Analogously to the procedure used in the Bessel- and Laguerre-type cases, we apply an \((\alpha +2)\)–fold integration by parts to the integral and arrive at the representation (4.16). Finally, \(I_3(f,g)\) is an immediate consequence of (4.14).

(b) Inserting the specific functions fg into the formula for \(I_1(f,g)\), the boundary value at \(x=1\) clearly vanishes. Moreover it follows by definition (4.11) of \(R_{\lambda -\tau }^{\alpha ,\beta ,N}(x)\) and (4.2–3), that \(\lim _{x\rightarrow -1+} \big \lbrace (1+x)^{\beta +1} R_{\lambda -\tau }^{\alpha ,\beta ,N}(x)\big \rbrace =0\), while the limit in (4.17) is finite.

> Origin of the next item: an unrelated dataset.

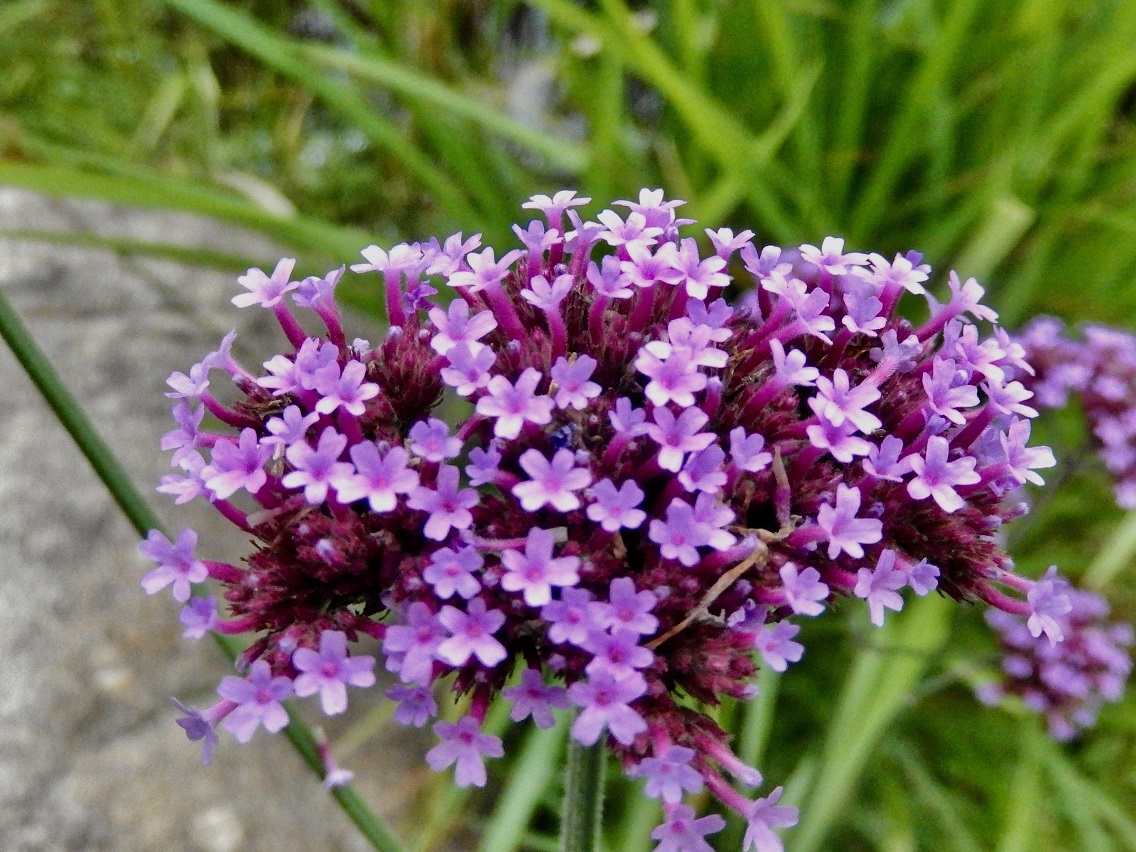 ヤナギハナガサ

Concerning (4.18), we first evaluate \(I_2(f,g)\) by taking the limits \(x\rightarrow \pm 1\) in (4.16). At the upper bound \(x=1\), it is not hard to see that only the summand for \(j=\alpha +1\) does not vanish so that

$$\begin{aligned} \frac{K^{\alpha ,\beta }(f,g)(1)-K^{\alpha ,\beta }(g,f)(1)}{2^{\alpha +\beta +1}\alpha !\,(\alpha +2)!} =\frac{2^{\alpha +\beta +2}(\alpha +2)!\,(\alpha +1)!}{2^{\alpha +\beta +1}\alpha !\,(\alpha +2)!} \lbrace f'(1)g(1)-f(1)g'(1)\rbrace . \end{aligned}$$

But this result coincides with \(-I_3(f,g)\) according to part (a). Hence it is left to see that \(K^{\alpha ,\beta }\big (R_k^{\alpha ,\beta ,N},R_{\lambda -\tau }^{\alpha ,\beta ,N}\big )(x)\vert _{x=-1+}\) does not contribute to \(I_2(f,g)\) either. This, however, follows in view of the estimates for \(0\le j\le \alpha +1\) and some constants \(C>0\),

$$\begin{aligned} \begin{aligned}&\big \vert D_x^{\alpha +1-j}\big \lbrace (1+x)^{\alpha +\beta +2}D_x^{\alpha +2}[(x-1)^{\alpha +1}R_k^{\alpha ,\beta ,N}(x)]\big \rbrace \big \vert \le C(1+x)^{j+\beta +1},\\&\big \vert D_x^j[(x-1)^{\alpha +1}R_{\lambda -\tau }^{\alpha ,\beta ,N}(x) ]\big \vert \le C{\left\{ \begin{array}{ll} &{}(1+x)^{-j-\beta },\,j+\beta \ne 0\\ &{}log((1+x)^{-1}),\,j+\beta =0 \end{array}\right. }. \end{aligned} \end{aligned}$$

While the first estimate is obvious, the second one is due to the behaviour near \(x=-1\) of the hypergeometric functions for \(s=0,1\),

$$\begin{aligned} \begin{aligned} \big ( R&_{\lambda -\tau -s}^{\alpha +2s,\beta }\big )^{(j)}(x)\\&=\frac{(\tau +s-\lambda )_j(\tau +s+\lambda )_j}{(-2)^j\,(\alpha +2s+1)_j}{}_2F_1\bigg ( \begin{aligned} j+\tau&+s-\lambda ,\,j+\tau +s+\lambda \\ {}&j+\alpha +2s+1 \end{aligned} ;\frac{1-x}{2}\bigg ). \end{aligned} \end{aligned}$$

\(\square \)

In view of the Eqs.(4.7),(4.10) and for the particular choice of fg in Thm. 4.1(b), the left-hand side of (4.15) equals

$$\begin{aligned} \big [\lambda _k^{\alpha ,\beta ,N}-e_\lambda ^{\alpha ,\beta ,N}\big ]\, \int _{-1}^{1}R_{\lambda -\tau }^{\alpha ,\beta ,N}(x)R_k^{\alpha ,\beta ,N}(x)w_{\alpha ,\beta }(x)dx. \end{aligned}$$

So after dividing the result of Thm. 4.1(b) by the factor in front of the last integral and taking the limit \(\lambda \rightarrow k+\tau \), one obtains the value of the normalization constant \(\big (R_k^{\alpha ,\beta ,N},R_k^{\alpha ,\beta ,N}\big )_{w_{\alpha ,\beta ,N}}\).

The latter calculations have still to be accomplished. In particular, it would be interesting to investigate the particular case \(\alpha =\beta =0\). Here, Eq.(4.7) becomes the Legendre-type differential equation of fourth-order, which is satisfied by the Legendre-type polynomials and their continuous analogues. It would generalize and shed new lights on the sampling theory associated with the second-order Legendre equation and the (finite) continuous Legendre functions, see, in particular, the achievements of Butzer in joint work with Stens and Wehrens [5] as well as with Hinsen and Zayed [38].